[Dataset records]
—————

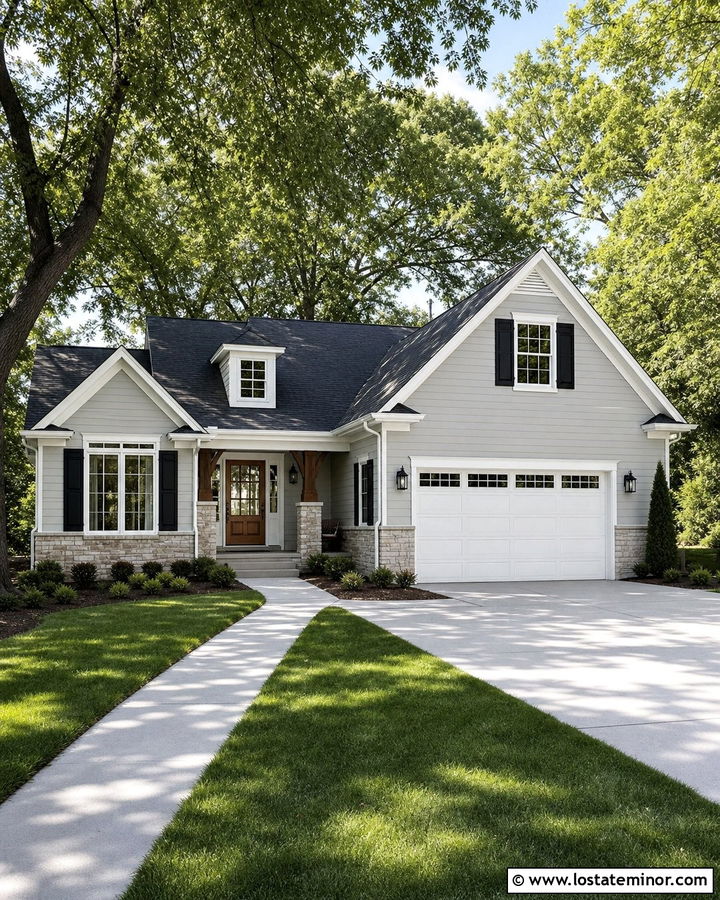 Dove Grey House With White Stone Wainscoting - 30 Dove Grey House Design With Wainscoting Ideas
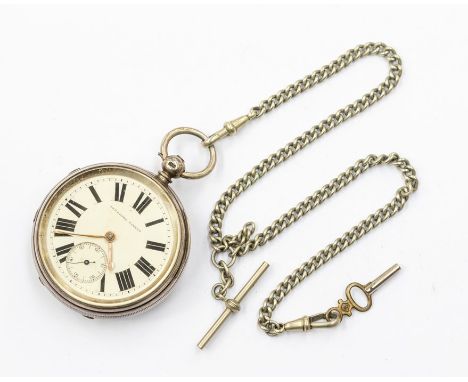 A Victorian silver open faced pocket watch, cream dial with black Roman numeral markers, subsidiary dial, and outer seconds t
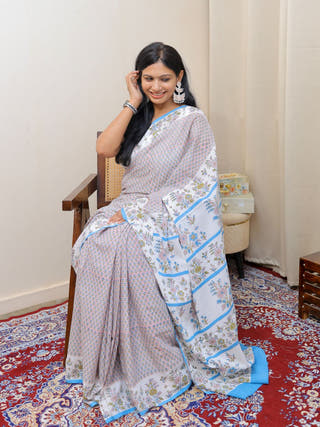 Prachi Heritage Sanganeri Hand Block Printed Pure Cotton Saree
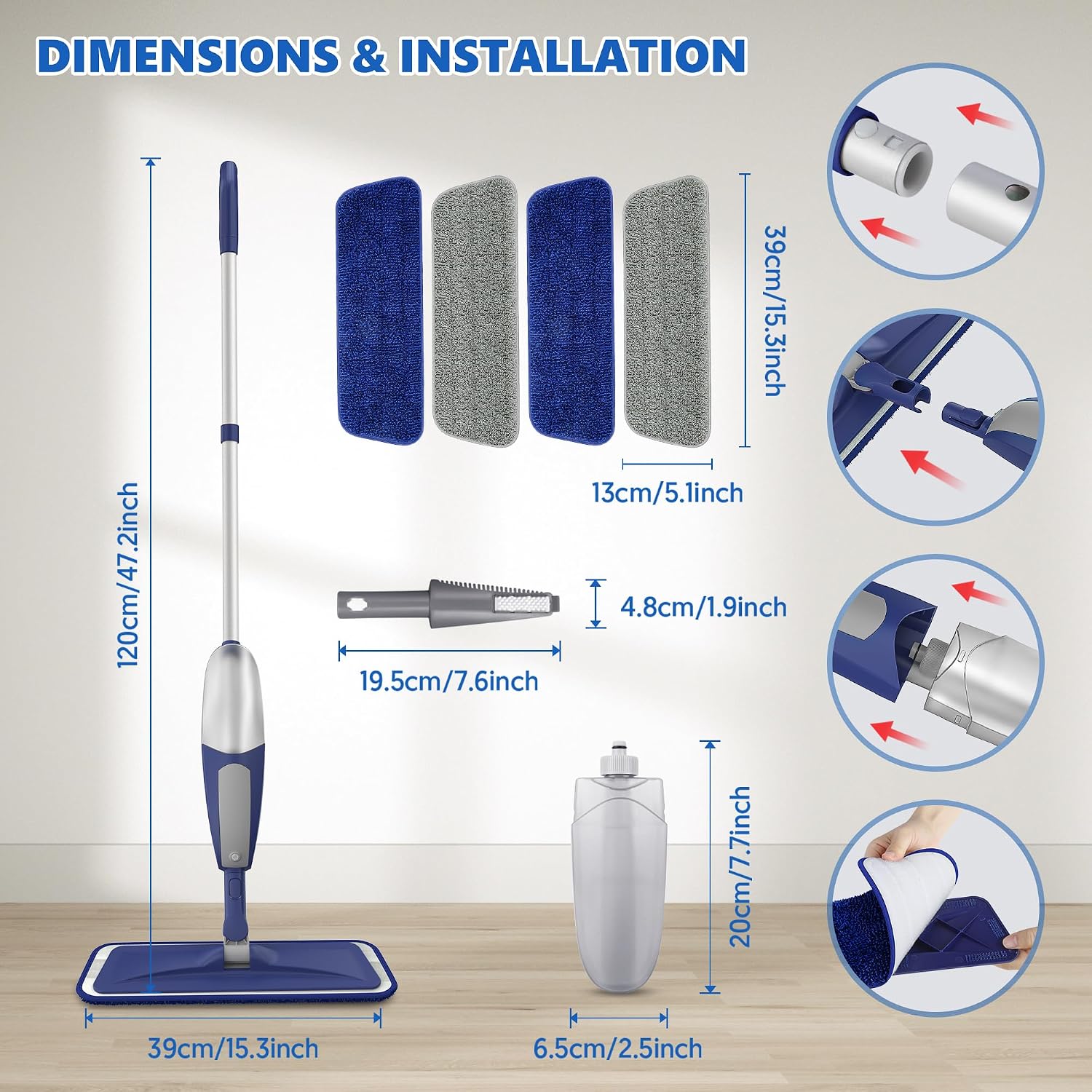 Detalle 2 de BPAWA DES-027 Spray Mop with Refillable Bottle and 4 Washable Pads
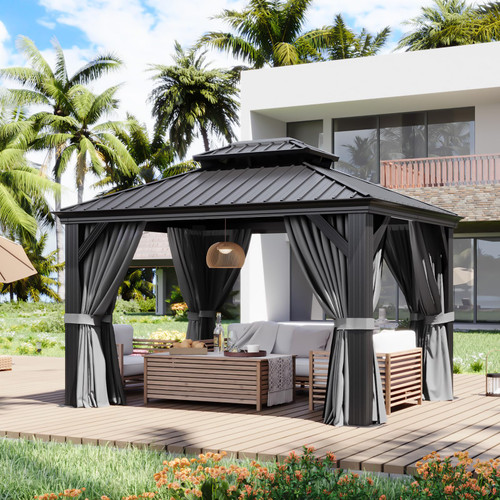 10' X 12' Hardtop Gazebo with Drainage System, Aluminum Outdoor Gazebo with Galvanized Steel Double Roof, Patio Permanent Metal Pavilion with Netting, for Garden, Deck, Grey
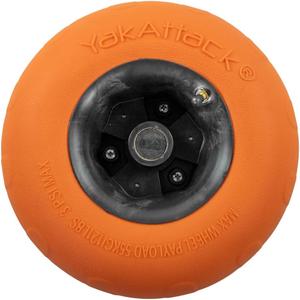 YakAttack TowNStow Air-Filled Balloon Sand Tire – 14" x 7" | PVC Kayak Cart Wheel for Soft Sand & Mud | Push-Button Swap | Fits All TowNStow Carts | Single Pack – Orange/Black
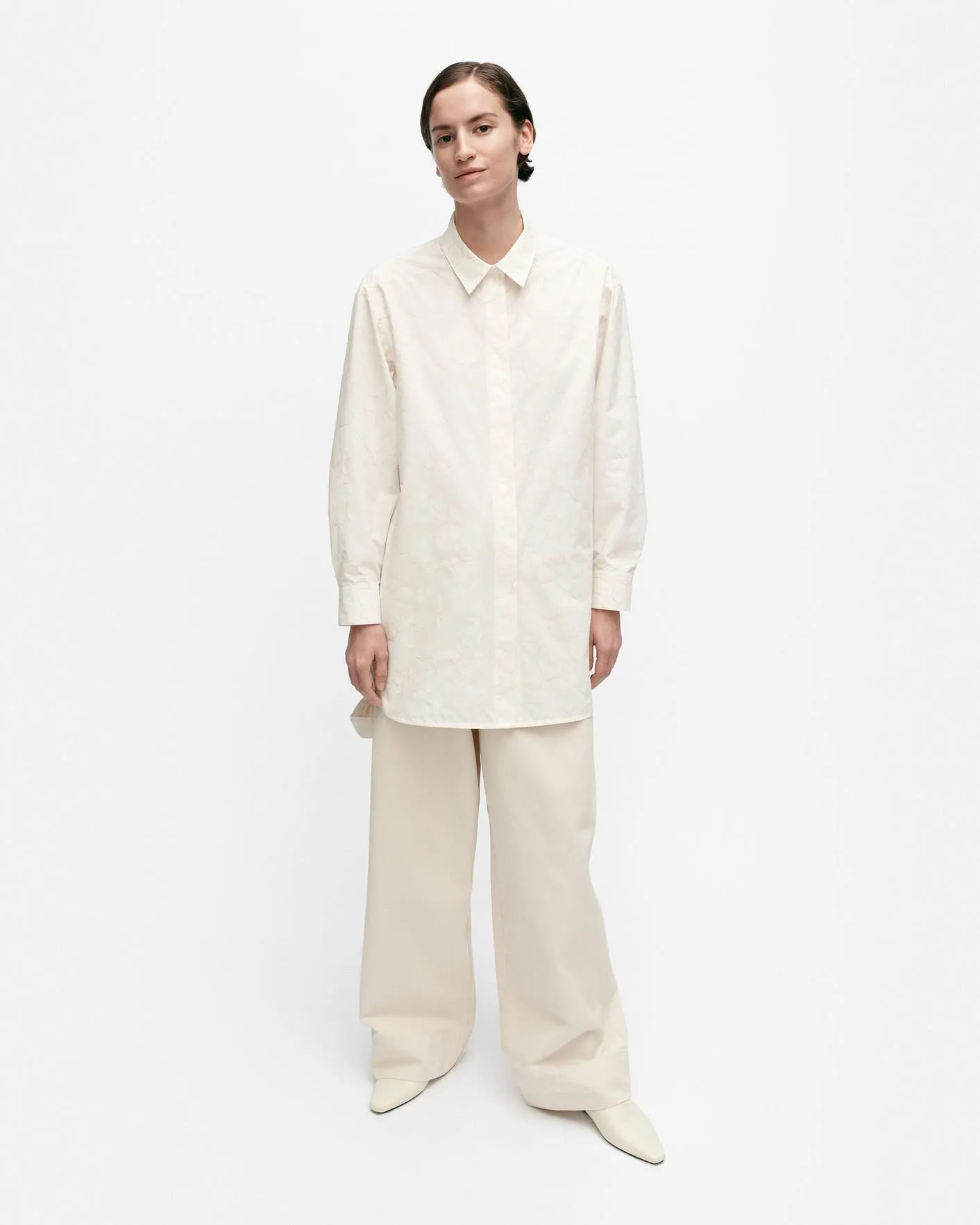 muoto piirto unikko cotton poplin shirt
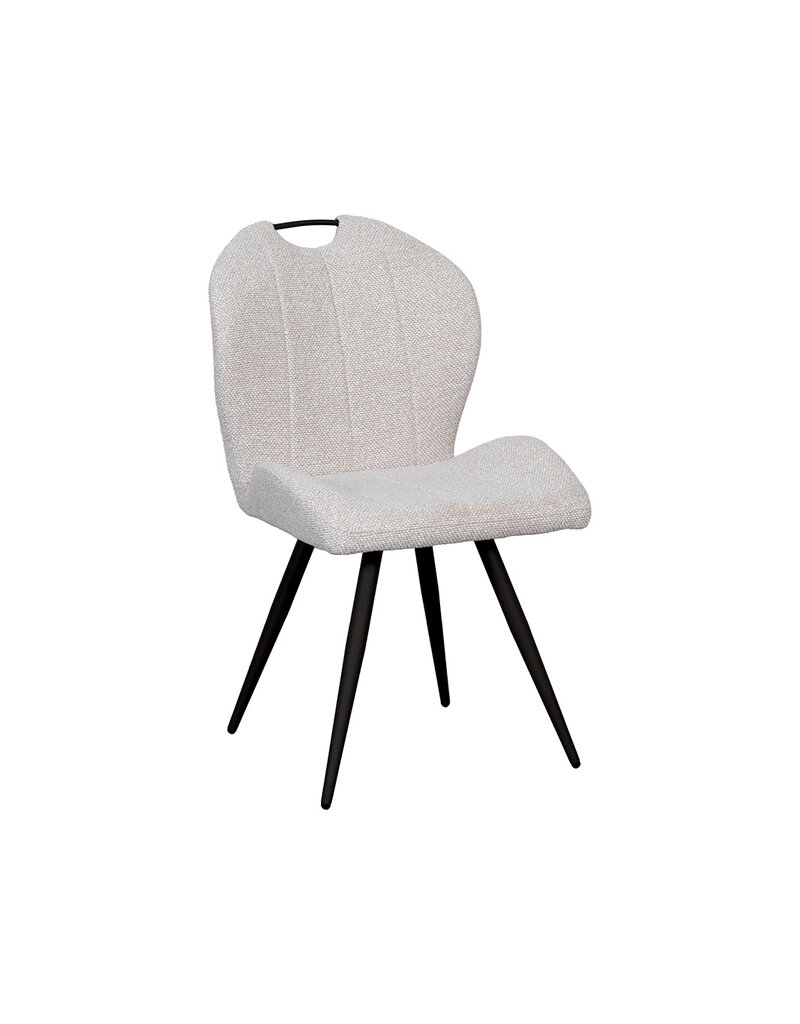 Damn LABEL51 Eetkamerstoel Silly - Naturel - Boucle - Zwart Metalen Frame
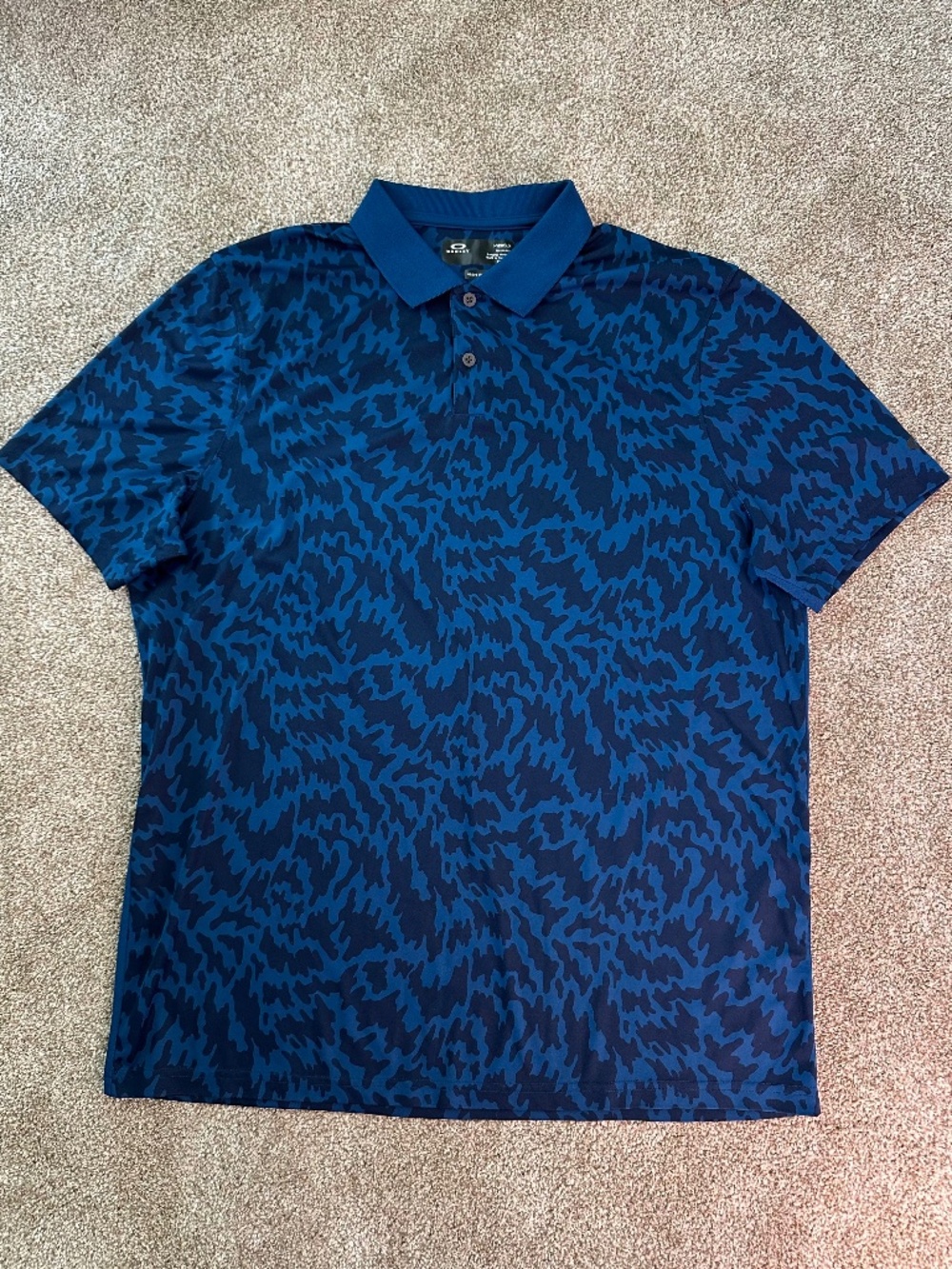 Oakley Hydrolix Golf Polo Shirt Blue Camo Print Performance Men's L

—————

WHAT TO DO: Skip the pictures and retype exactly the lines from the one that contains "Damn LABEL51 Eetkamerstoel" to the last line of the records.

ANSWER TO THIS PROBLEM:
 Damn LABEL51 Eetkamerstoel Silly - Naturel - Boucle - Zwart Metalen Frame
 Oakley Hydrolix Golf Polo Shirt Blue Camo Print Performance Men's L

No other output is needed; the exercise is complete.